Достоевский трип

 

Метод Сорокина как драматурга прост и прозрачен, как свежий анализ мочи: берется какая-нибудь современная ситуация или сценка из жизни, по возможности погнусней и неряшливей, попоганее обычного и повседневного, а, пожалуй, что и повседневное, давно нестиранное и грязное от долгой непрерывной носки по подвалам, подворотням и помойкам, к этому густо добавляется мата, можно даже без всякой сексуальной подоплеки, просто бытового разговорного мата, на котором изъясняются нынешние нежные создания в джинсах, непросыхающие колхозники и прочий сапропель нашего нездорового общества, в это откровенное дерьмо вбрасываются цитаты  и персонажи из классики – и это все. Цель достигнута: никаких психологических глубин, подтекстов, контекстов и аллегорий, вызовов и морали – главное достигнуто, публика шокирована, классик обделан с ног до головы, можно нехорошо и криво улыбнуться, ухмыльнуться, скривить рожу: «вот вам!».

Сюжет пьесы «Достоевский-трип» легко запоминается и воспроизводится.

Бомжам-наркоманам в подвале наркодилеры подбрасывают сомнительную смесь, наглотавшись которой подвальная шваль начинает говорить текстами из «Идиота», а затем гибнут по очереди, что в очередной раз убеждает наркодилеров, что смесь – дрянь.

Нечто подобное творит духовный брат Сорокина некий Гельфанд, герой антикультуры. Его инсталляция «Рубка икон в Манеже» (топоры, иконы и Манеж были настоящими, так что это искусство – подлинно) ничем не хуже пьес Сорокина и также глубока.

Есть иногда у театра на Юго-Западе и его художественного руководителя Валерия Беляковича эта тяга к цинизму. Я понимаю: злое и тяжелое детство, замешанное на портвейне вдохновение, размещение театра в бывшей сапожной мастерской. Все это сказывается. Только нам-то это зачем? – у нас свое тяжелое детство, свои вермут и портвейн «Кавказ», свой андерграунд, нам чужое, вроде бы, ни к чему.

Как ни к чему Достоевскому мат Настасьи Филипповны и ломка у Рогожина.

Но… зал – полон, ложи (если бы были) блещут, народ, как может, рукоплещет.

Народ признателен не только талантливой игре актеров и почти виртуозному, с оттягом, мату. Здесь есть еще что-то, узнавание себя и своей подноготной, наверное, хихиканье от собственной наготы и обнаженности, смущение, переходящее в браваду (ведь в зале темно и никто не видит твоего подобия, родственности и Сорокину и его героям.

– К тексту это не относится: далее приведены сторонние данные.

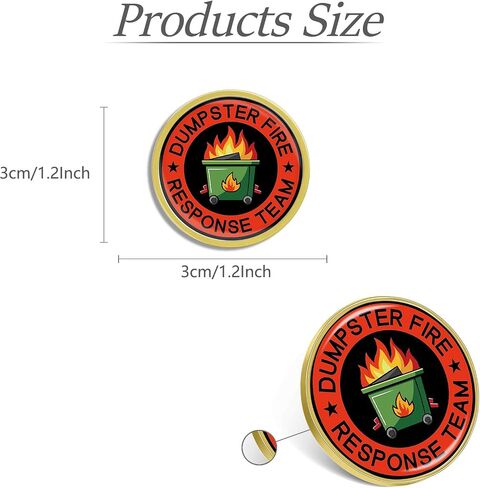 6/12/50/100Pcs Dumpster Fire Laple Pins Dumpster Fire Response Team Brooch Hilarious Gifts for Coworkers Team Members in Kuwait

Бедный писатель, вероятно, этого никак не ждал: чем громче аплодисменты, тем неизлечимей публика  в театре и общество в целом, за пределами театра.

В здоровом обществе его бы вывели на мороз охолонуть, пьесу бы запретили, театр бы оштрафовали или даже закрыли. Но то – в здоровом.

А в нашем – можно рубить иконы, мочить в сортире, можно дае жертвы убийства называть убийцами, жертвы политических преступлений политическими преступниками, можно все, включая невозможное.

Достоевский писал, спасая человечество, «Достоевский трип» топит несчастное. А, кстати, очень любопытно: человек в русском языке – одушевленное существительное, а общество и человечество – нет. И ведь и вправду, Достоевский не раз противопоставлял человека человечеству: и во «Сне смешного человека», и  в «Записках из подполья», и особенно в сцене с Иваном в «Братьях Карамазовых», когда тот бунтует против счастья всего человечества, построенного на слезинке одного замученного ребенка.   

Вот в этом-то и вся разница.

Из театра выходишь с комплексом контрастных чувств: хочется скорей принять душ, хочется не замечать бомжей, бичей и нищих, сопровождающих тебя всю дорогу до дома, нестерпимо стыдно за себя и всю свою обматеренную жизнь, и давишься первыми словами Настасьи Филипповны: «Прогнать тебя надо. Ступай, доложи».